I was having a nice life-maintenance day in Perth's trendy suburb of Fremantle when I came to the realization, even while sitting in a lovely café, that I’m ready to move on from Perth and the West Coast. It’s time to get this journey moving on its counter-clockwise push. But first, I had an essential day-trip to take.
The quokka has been dubbed the “happiest animal in the world” by Buzzfeed, who, hyperbole aside, knows its adorable critters. The only place in the world where quokkas live is Rottnest Island, a short ferry-hop from the Fremantle pier. In fact, “Rottnest” is Dutch for “Rat’s Nest,” because they mistook the little buggers for giant rats.
I was apprehensive on the ferry ride over. The wildlife experiences I looked forward to in Shark Bay turned out to be awfully touristy, and the ferry crowd threatened more of the same. As soon as we landed, I unloaded my trusty cheapo hybrid and took off for the island’s uninhabited West End, hoping to get away from the settlements and the crowds. But I wasn’t sure about my chances. Would I even spot a single one of these small, modest, nocturnal animals?
Not 500 yards from the pier, I saw my first quokka, right by the side of the road.
About 10 minutes later, there was another, skittering into the bushes. Then, I spotted one taking some shade under a roadside picnic bench. I parked my bike on the road, keeping my distance so as not to spook it. Then, this happened.
“Inquisitive little fellars, aren’t they?” Another visitor remarked while his wife took photos of them crowding around her feet. ("There are heaps of them!" she shouted.) I don’t know how inquisitive they are, or, honestly, how bright. I think people feed them. And I don’t care. I touched one.

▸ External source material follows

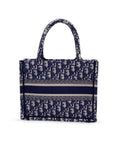 CHRISTIAN D1OR Blue Oblique Canvas Small Book Tote Bag Handbag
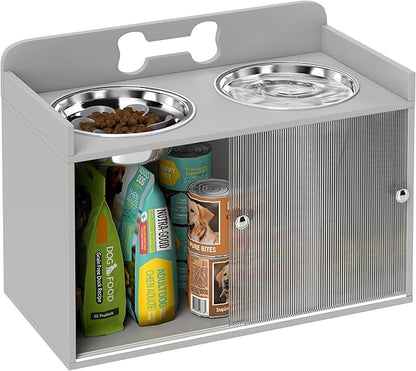 PawHut Elevated Dog Bowls with Storage, Raised Dog Bowl Stand with 2 Stainless Steel Food Dishes and Slow Feeder, Pet Feeding Station for Large Breeds, Gray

I TOUCHED ONE.
Unfortunately, they don't have the permanent "happy face" Buzzfeed sells you. They have your typical, albeit sweet, marsupial face. And they do have really ratty tails. But their stupid little ears and absolutely snuggly demeanor more than make up for it.
Rottnest has just one tiny settlement near its pier, and then nothing but windswept heath and sheltered coves for swimming, snorkeling, and fishing. I took a leisurely route home, stopping on deserted beach after deserted beach.

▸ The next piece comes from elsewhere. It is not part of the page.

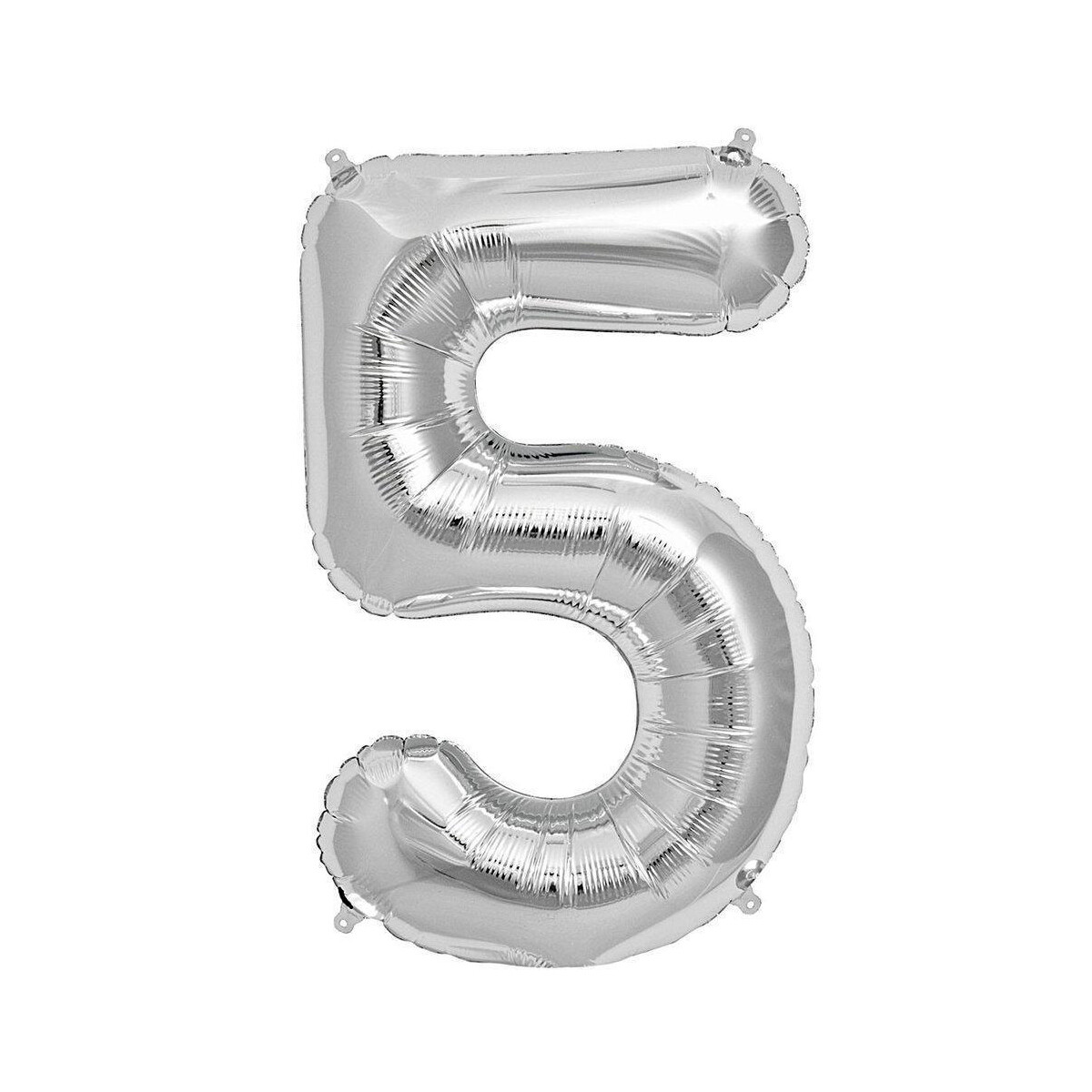 Globo números de aluminio 81 cm - 5 Plata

The summer heat has finally broken, and it was cloudy and too chilly for swimming, so I would either walk on the sand or just wade out. Standing knee-deep on an utterly deserted beach, I was startled by an American accented voice behind me, saying, “If you’re going in that far, you might as well just jump in!”
It was an excellent last day in Perth. I've since traveled around the "corner" of Western Australia to head east, across the vast coast of the Southern Ocean. I have a lot of updates and photos to share, but it's mostly been camping, so I've been without internet. Look for more updates soon!